This is a website about statues related to the colonial histories of France and Britain.
Since the mid-2010s, statues of individuals related to the history of European empires have been the target of physical attacks and public debates. Some of the most controversial and widely known of these episodes have been the Rhodes Must Fall movements in Cape Town and Oxford in Britain; the toppling of the statue of Colston in Bristol; the removal of the statue of Victor Schoelcher in Martinique and the smearing of the statue of King Leopold in Brussels with red paint. This project brings together scholars of French and British imperial history, historical geographers, legal scholars, and art historians. By pooling our expertise, we intend to study the complex histories of these statues, situating them in their local contexts, understanding their iconography, tracing the connections between sites, and gathering the conflicting emotions and memories that have built up around them. In doing so, we aim to go beyond flattened descriptions of ‘vandalism’ and ‘patriotism’ and instead produce a citizens’ archive and interpretive tool that can assist with dispassionate, positive and democratic decision-making with regards to difficult heritage.
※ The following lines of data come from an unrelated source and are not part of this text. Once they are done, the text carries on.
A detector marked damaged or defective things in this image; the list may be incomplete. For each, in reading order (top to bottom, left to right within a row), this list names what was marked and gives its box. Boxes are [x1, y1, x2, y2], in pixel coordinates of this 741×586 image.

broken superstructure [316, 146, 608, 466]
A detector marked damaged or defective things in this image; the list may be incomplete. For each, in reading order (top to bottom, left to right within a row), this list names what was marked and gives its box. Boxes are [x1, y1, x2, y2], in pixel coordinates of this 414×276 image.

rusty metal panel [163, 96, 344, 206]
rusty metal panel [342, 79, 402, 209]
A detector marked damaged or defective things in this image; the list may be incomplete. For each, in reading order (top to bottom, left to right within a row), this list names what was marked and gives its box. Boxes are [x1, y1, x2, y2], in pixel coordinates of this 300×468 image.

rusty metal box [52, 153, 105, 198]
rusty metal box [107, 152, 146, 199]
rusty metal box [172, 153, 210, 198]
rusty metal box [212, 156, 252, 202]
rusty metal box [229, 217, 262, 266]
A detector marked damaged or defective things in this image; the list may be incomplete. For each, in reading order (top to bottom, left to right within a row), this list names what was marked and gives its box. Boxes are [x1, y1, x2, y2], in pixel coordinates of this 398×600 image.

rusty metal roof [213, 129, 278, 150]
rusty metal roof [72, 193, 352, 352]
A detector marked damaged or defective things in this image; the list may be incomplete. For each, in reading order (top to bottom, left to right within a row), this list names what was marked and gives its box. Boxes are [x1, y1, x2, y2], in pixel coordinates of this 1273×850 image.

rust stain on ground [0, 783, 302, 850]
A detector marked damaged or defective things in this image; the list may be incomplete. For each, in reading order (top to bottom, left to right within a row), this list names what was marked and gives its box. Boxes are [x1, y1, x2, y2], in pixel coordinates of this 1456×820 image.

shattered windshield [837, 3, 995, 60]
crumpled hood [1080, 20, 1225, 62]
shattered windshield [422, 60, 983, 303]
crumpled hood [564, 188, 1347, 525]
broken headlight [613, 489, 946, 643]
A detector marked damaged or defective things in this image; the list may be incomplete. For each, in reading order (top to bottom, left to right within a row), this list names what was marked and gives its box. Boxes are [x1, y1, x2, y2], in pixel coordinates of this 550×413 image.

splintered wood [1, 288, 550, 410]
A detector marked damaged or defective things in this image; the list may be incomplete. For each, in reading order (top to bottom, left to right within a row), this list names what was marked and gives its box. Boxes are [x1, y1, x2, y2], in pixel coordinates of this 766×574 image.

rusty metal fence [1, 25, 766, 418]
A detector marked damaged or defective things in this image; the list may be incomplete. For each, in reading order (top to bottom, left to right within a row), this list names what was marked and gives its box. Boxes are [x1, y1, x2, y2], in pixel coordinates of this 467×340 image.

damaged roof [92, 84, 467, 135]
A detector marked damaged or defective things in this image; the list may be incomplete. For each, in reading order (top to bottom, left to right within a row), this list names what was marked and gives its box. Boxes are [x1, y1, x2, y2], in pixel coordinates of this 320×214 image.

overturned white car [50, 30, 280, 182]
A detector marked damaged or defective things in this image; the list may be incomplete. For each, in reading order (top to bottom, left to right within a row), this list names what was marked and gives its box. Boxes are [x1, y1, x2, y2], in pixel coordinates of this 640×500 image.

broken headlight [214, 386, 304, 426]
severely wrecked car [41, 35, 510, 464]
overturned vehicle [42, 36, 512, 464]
One of the principal outputs of this project will be a free online map of all disputed statues associated with colonialism, in Britain and France. This map will be made available on this website. In addition, we shall conduct detailed research with relation to ten statues – five in France and five in Britain. These ten case-studies will also be presented on this website.
An essential aim of this project is to interact with activists, artists, museum and other heritage professionals and legal experts in France as well as Britain. Reports of these interactions will be provided on this website.